If the motor that is being spun is a DC motor then it will generate a small current.
 
well ya, but what if i applied power to both motors, so motor a is spinning motor b @ 1000rpm and then motor b spun at 1000 rpm wouldnt that create a relative sum?
 
Yes, the output shaft of the second motor would be spinning at 2000rpm relative to a non moving reference point. Such a setup would never work however as you'd have the problem of getting power to the second motor when it's spinning at 1000rpm and it would have to be perfectly balance or it would destroy itself. Why do you ask the question or are you just curious?
 
no it would turn at 100000rpm they multiply
That's not true. They add, not multiply. Motor two does not go 1000 revolutions per one revolution of motor one, it goes 1 revolution while motor one is going 1 revolution. The total would be 2000rpm.
 
lol, yup curosity killed the cat! i was just looking at these stepper motors which have limited RPM,

**broken link removed**

in the example you see the "charge coils" around the ceramic magnetic rotor, now we could design the same thing with the rotor on the outside and the "Charge coils" on the inside instead, right?
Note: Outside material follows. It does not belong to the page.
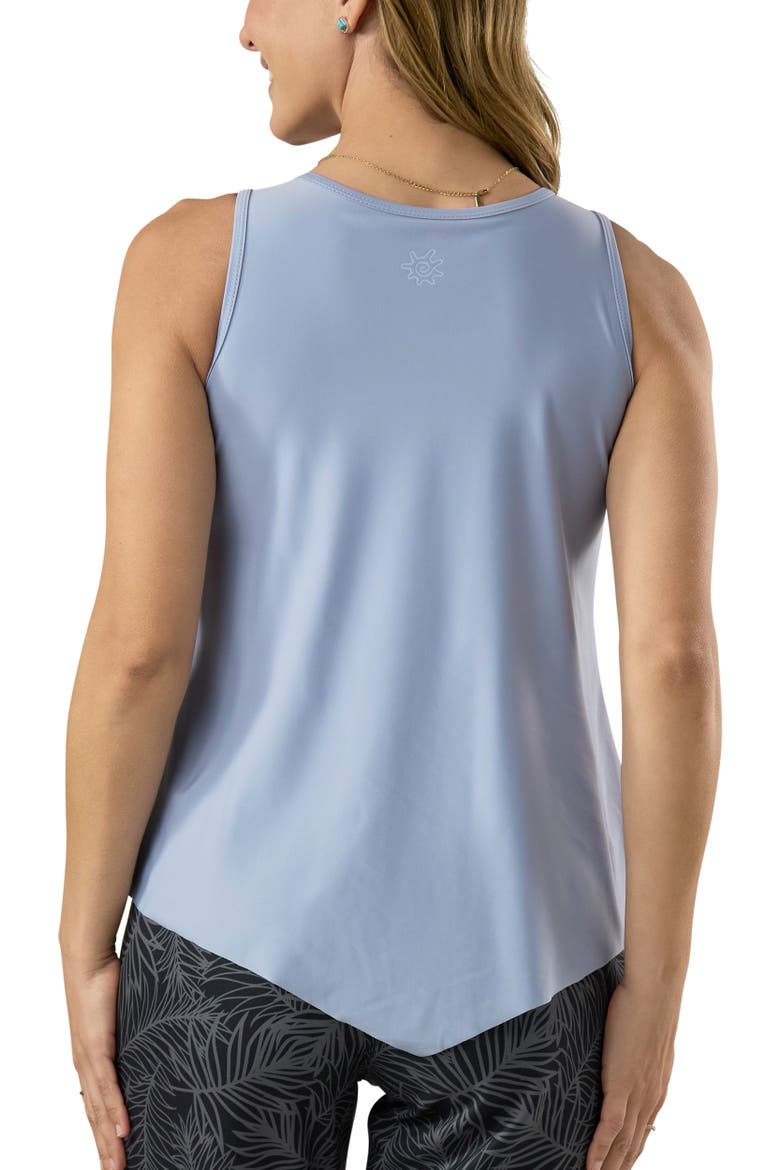 Swing Tank Top, Alternate, color, Moon Dust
so what if we put the charge coils around the outside, put the rotor in the middle, then put an inner set of coils, now what if instead of hooking the inner coils up to a stepper controller we set them up so that one of the inner coils would pick up the flux force of the outter coil and used it to distribute power to the other inner coils causeing thoes coils to push from the center ceramic rotor?
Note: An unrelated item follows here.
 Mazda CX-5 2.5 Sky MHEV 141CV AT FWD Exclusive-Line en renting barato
the total would be summed, i was thinking factored too, but maybe we could still use this?
 
Anyway ,,what made you say that rpm would multiply?

I can see how someone might think that without going through it carefully. After all, that's what would happen if you connect a 1000RPM motor to a 1:1000 gearbox. With motors stacked, you use the relative motion equations which are sums of different motions and not products.


THe concept of cascaded motors isn't practical for quite a few reasons:
-mechanical balancing
-inertia for dynamic loads
-vibration
-transfering power to rotating components is difficult and require slip rings which are really expensive, let alone for one that is strong enough to support mechanical loads and large enough to pass motor-level currents
-slip rings introduces brushes (or for brushed motors even more brushes) increasing noise and wear while decreasing efficiency thus limiting power levels
-motors are expensive enough to wind as it is
-requires redundant controllers (you are really controlling two motors after all)
-motors almost always run too fast anyways. I can't think of any application where a motor runs too slow.

As far as steppers are concerned, their advantage is not in the power or speed departments. It is more for their ability to hold positions and move predefined amounts in open-loop control (assuming sufficient motor torque so steps aren't skipped), and to a lesser extent good direct-drive torque which reduces or eliminates the need for expensive gearboxes makes them good for "servo-like applications" where you don't want to pay for the servo feedback systems or gearboxes.

The design of a stepper makes more vibration and their torque rapidly decays as the speed increases which makes them not so good for high speeds. Other motors easily spin much faster while actually maintaing their torque at these high speeds while using simpler drives. THere's really no need or reason to use a cascade steppers for higher speeds. What stepper motors do is eliminate feedback for closed loop control and gearboxes at the expense of other things in low speed applications.